Before that there was 2G which came along in the mid-to-late 1990s.
LTE is the acronym for Long Term Evolution, a technical process for moving data at high speeds over the mobile network and delivering it to phones and other mobile devices.
How Does LTE Work?
“Evolution” is an important key to the LTE name because LTE technology is based on GSM/EDGE and UMTS/HSPA technologies used by earlier-generation mobile networks. LTE made interface and network improvements that increase data capacity and speed.
The main benefit to LTE in simple terms is a reduction in data transfer latency, or delay. Some explanations of LTE technology liken this to removing speed bumps in a road, allowing traffic to move faster.
Reduced transfer delay means data moves faster, and that makes us all happy because we can now do things with our mobile devices that we couldn’t do previously because of the slower speeds of earlier generation cellular networks.
For example, the widespread adoption of mobile video has been largely enabled by faster 4G mobile network speeds.
Although we did watch mobile video back in the 3G network days, it typically played within a smaller frame at lower resolution with occasional delays for data buffering.
The Truth About 4G LTE
While the carriers market their current networks as “4G LTE,” they don’t actually meet the standards set for fourth-gen cellular service.
The International Telecommunication Union – Radiocommunication Sector, or ITU-R as it’s more commonly known, set the 4G network specifications back in the early 2000’s.
That spec called for 4G networks to provide peak 100 Mbps data download. We know that in its current iteration LTE does not come close to that standard. Neither does Evolved High Speed Packet Access (HSPA+), another recognized 4G cellular network technology.
But marketing pressures and the fact that the newer cell network technologies were significantly faster than 3G service caused the ITU-R to allow cell carriers to market LTE and HSPA+ as “4G” even though they fell well short of actual 4G speeds.
Today some LTE networks in the U.S. can hit peak data speeds of about 40 Mbps, rivaling many broadband connections but still well short of the 4G spec.

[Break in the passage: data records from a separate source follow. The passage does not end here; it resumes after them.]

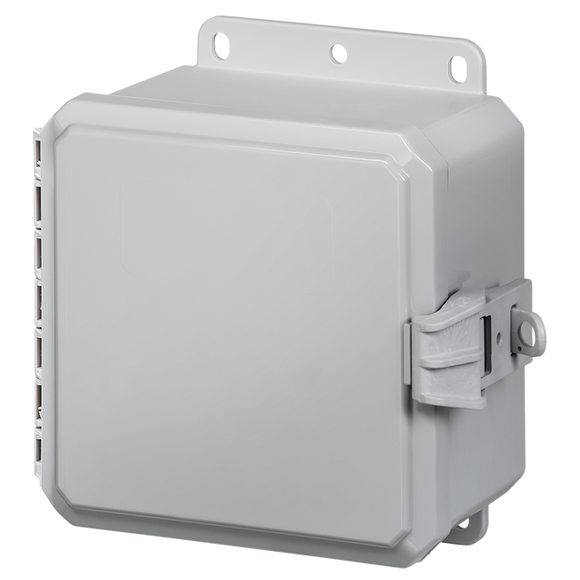 Integra - Impact Series | Low Profile Hinge | Opaque | Non-Metallic Locking Latch | Integrated Mounting Flange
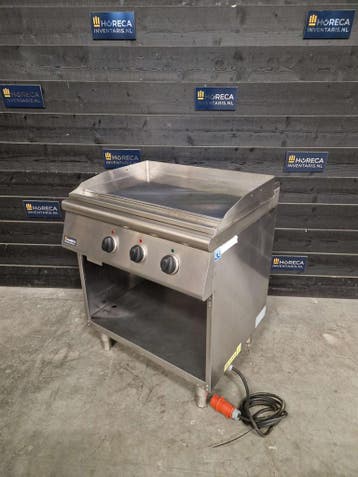 Bakplaat | spiegelplaat | combisteel | elektrisch | RVS |, Gebruikt, Fornuis, Frituur en Grillen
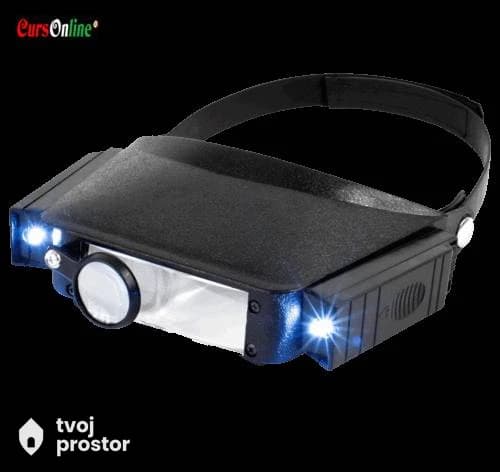 Vizir sa led svetlom sa lupom — mali kućni aparati, Mungosi, Beograd
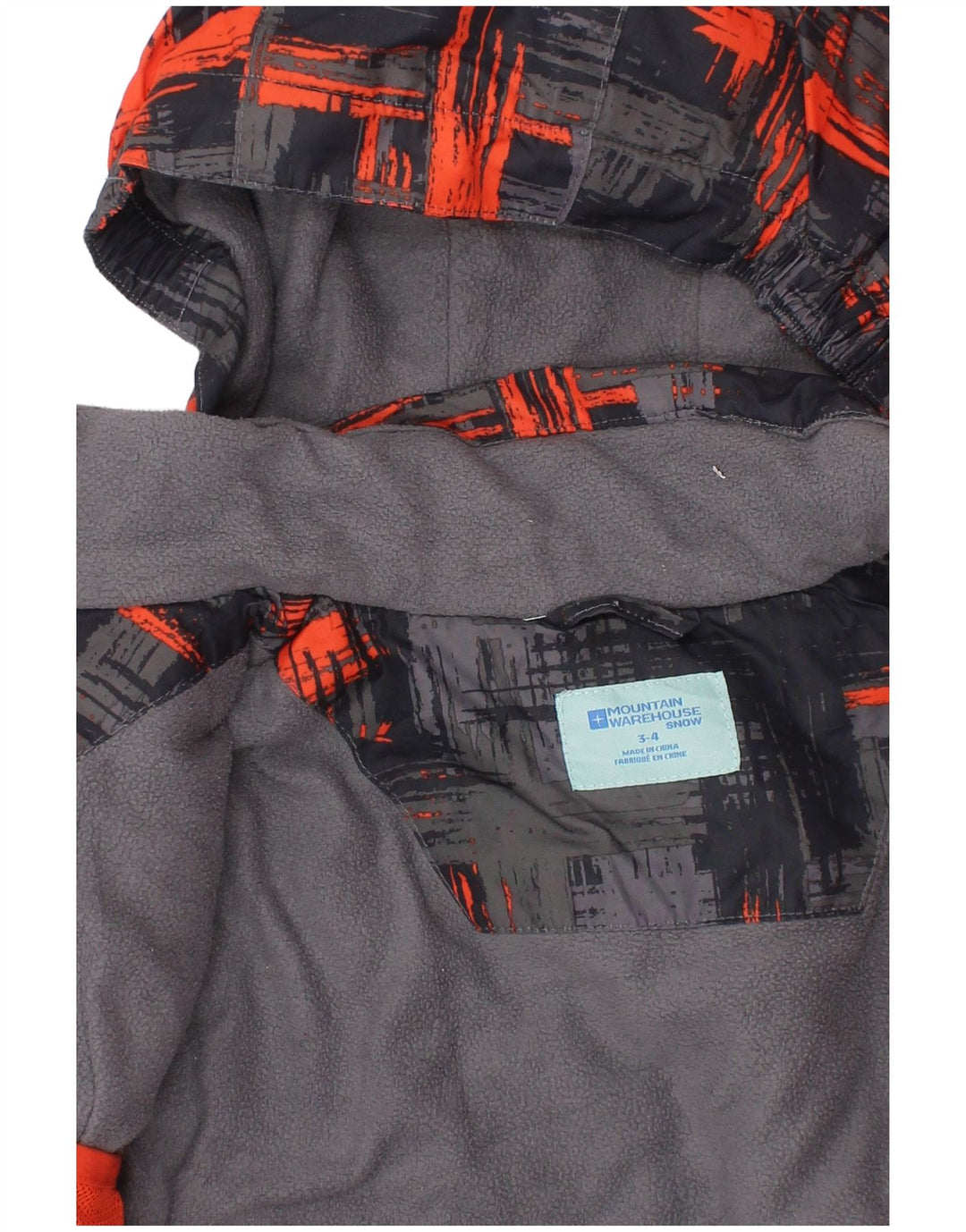 Ветровка с капюшоном для мальчиков Mountain Warehouse, 3–4 года, серая клетка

However, the North American average for LTE service is much slower. In 2015 the average LTE speed in the U.S. was about 10 Mbps. World-wide LTE average speed in 2015 was slightly faster at 13.5 Mbps. If you need faster downloads boosting your cell signal may help. View our guide on increasing cell phone signal.
Looking Ahead to 5G
So what is 5G? While the 5G speed spec is not yet final, it’s expected to call for cell network data speeds of 10 Gigabits per second (10 Gbps). That’s 100 faster than the 4G spec, some 250 times faster than the current fastest LTE networks in the U.S., and a thousand times faster than the average U.S. LTE network in 2015.
For those of us waiting for a faster mobile network, 2020 can’t get here soon enough.